[SOLVED] Load CSV file into Pandas from s3 using chunksize

Load CSV file into Pandas from s3 using chunksize

I'm trying to read a very big file from s3 using...

import pandas as pd
import s3fs
df = pd.read_csv('s3://bucket-name/filename', chunksize=100000)

But even after giving the chunk size it is taking for ever. Does the chunksize option work when fetching file from s3 ? If not is there any better way in loading big files from s3?

Solution

https://pandas.pydata.org/pandas-docs/stable/reference/api/pandas.read_csv.html Clearly says that

filepath_or_bufferstr, path object or file-like object Any valid string path is acceptable. The string could be a URL. Valid URL schemes include http, ftp, s3, gs, and file. For file URLs, a host is expected.
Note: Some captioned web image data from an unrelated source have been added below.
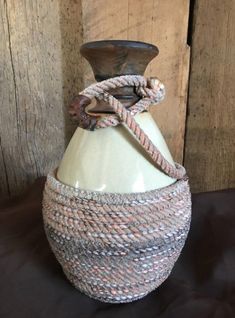 a white vase sitting on top of a table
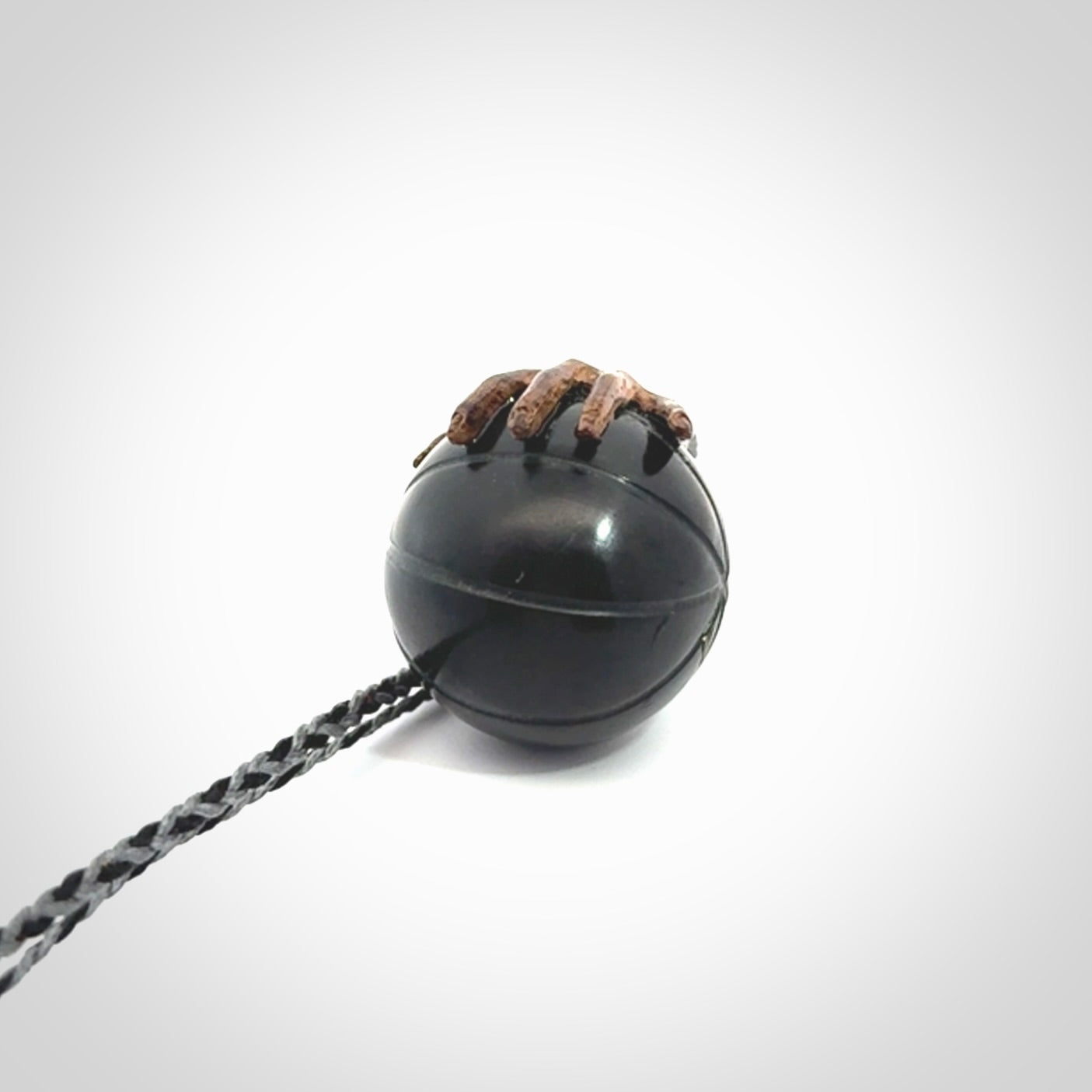 This is a very cool pendant that we've had carved for all you Basketball fans. This is a pendant with a wooden hand holding a black jade basketball. We provide this on an adjustable cord, and we ship worldwide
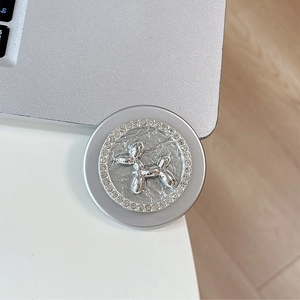 Close-up of silver magnetic phone grip featuring a rhinestone balloon dog ornament
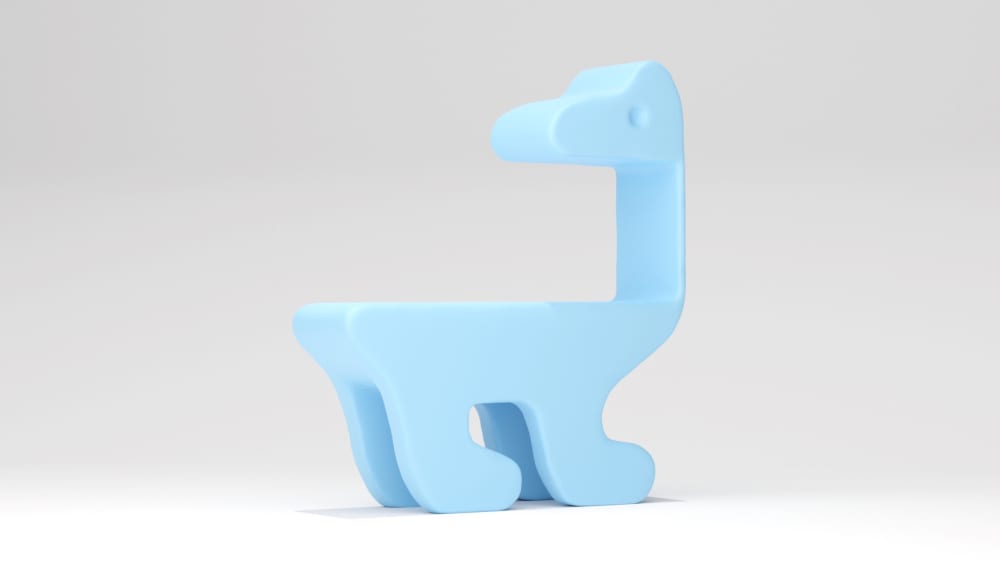 Stylised pale blue toy dinosaur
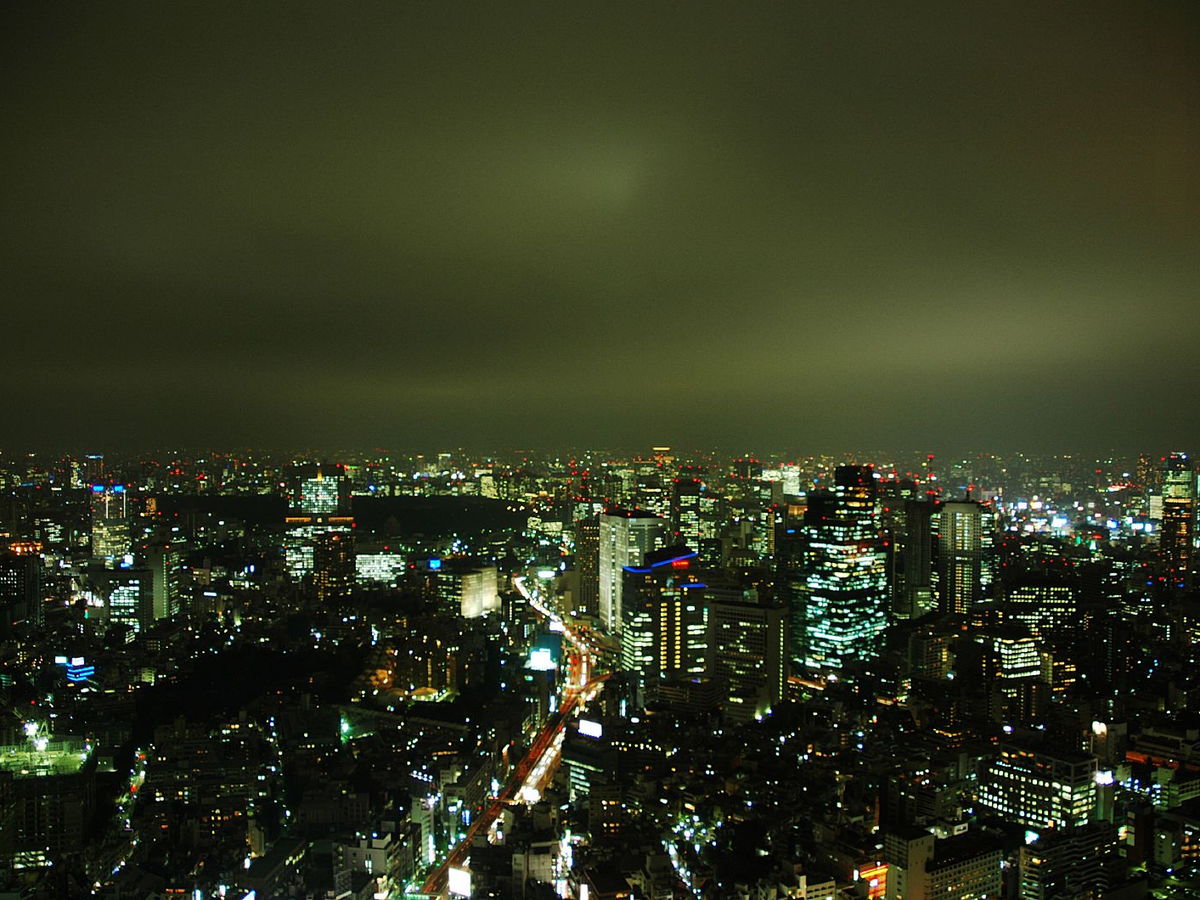 Wide nighttime view of Tokyo's illuminated skyline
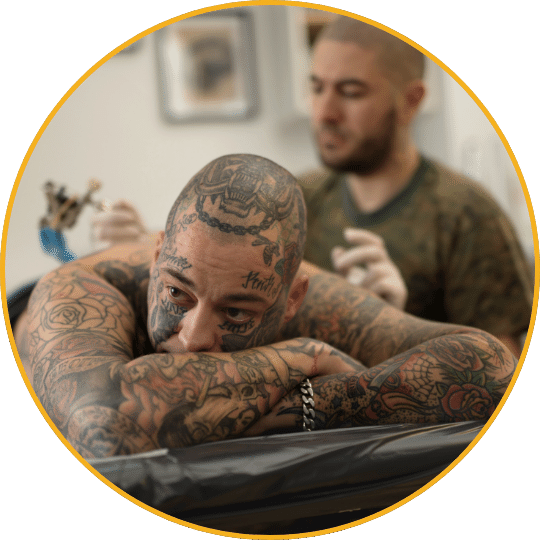 Tätowierter männlicher Kunde mit umfangreichen Tattoos im Tattoostudio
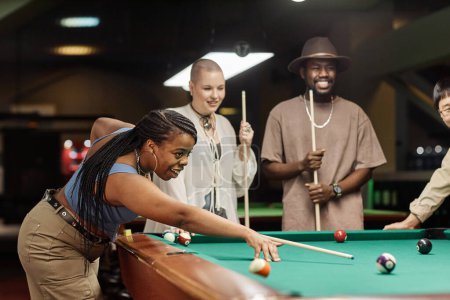 Foto de Retrato de vista lateral de una mujer afroamericana sonriente jugando al billar en la mesa en el club nocturno con un diverso grupo de amigos copiar espacio - Imagen libre de derechos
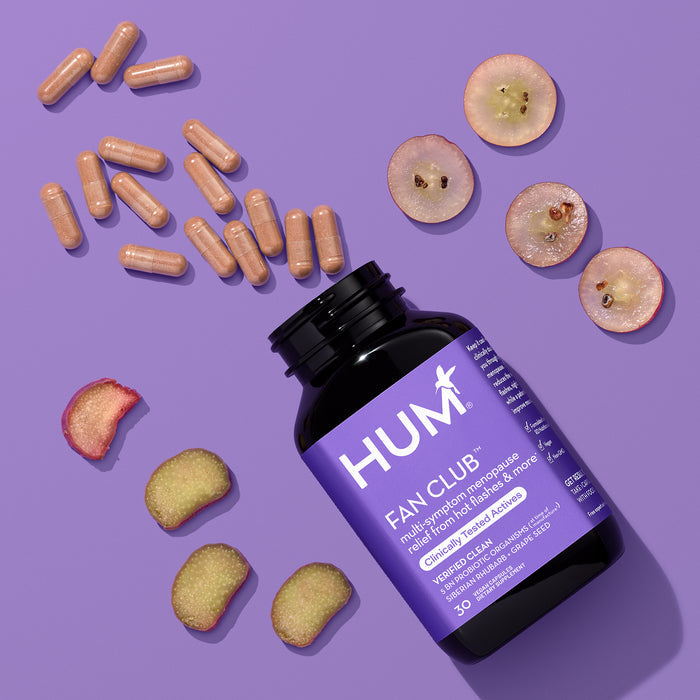 A bottle of HUM Nutritions Fan Club Menopause Relief - For Hot Flashes is open, with capsules spilling onto a purple surface. Slices of grapes and rhubarb are scattered around, highlighting the blend’s natural approach to symptom relief.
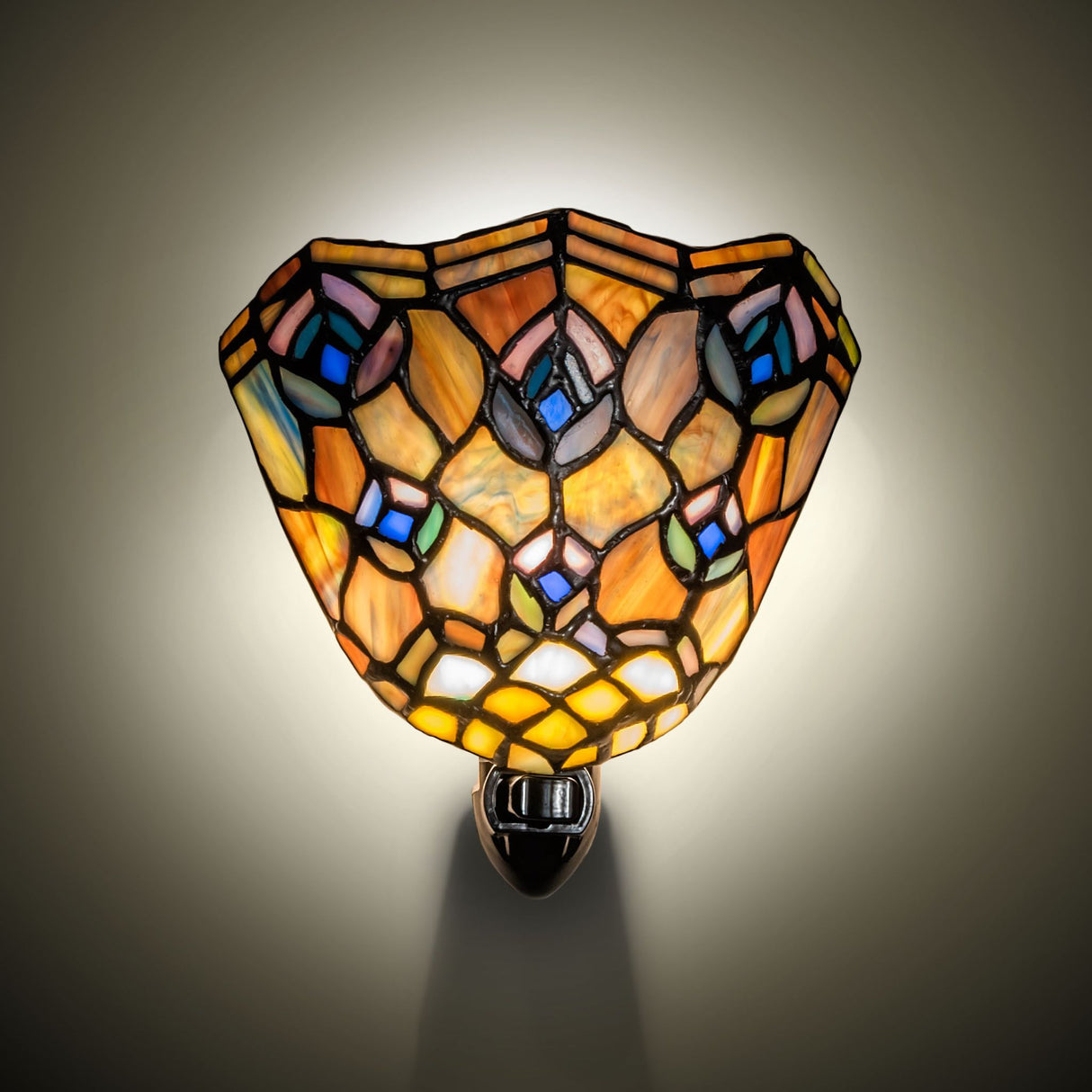 Ambient view of Tiffany Peacock Feather night light glowing with warm stained glass colors on wall.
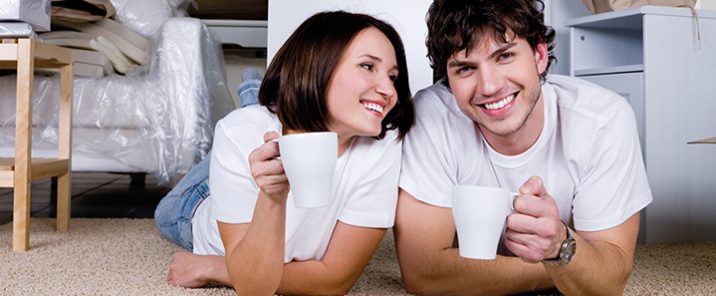 man and woman lying on floor with mugs smiling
A local file could be: file://localhost/path/to/table.csv.

If you want to pass in a path object, pandas accepts any os.PathLike.

By file-like object, we refer to objects with a read() method, such as a file handle (e.g. via builtin open function) or StringIO.

When reading in chunk, pandas return you iterator object, you need to iterate through it.. Something like:

for df in pd.read_csv('s3://<<bucket-name>>/<<filename>>',chunksize = 100000):
    process df chunk..

And if you think it's because the chunksize is large, you can consider trying it for the first chunk only for a small chunksize like this:

for df in pd.read_csv('s3://<<bucket-name>>/<<filename>>',chunksize = 1000):
    print(df.head())
    break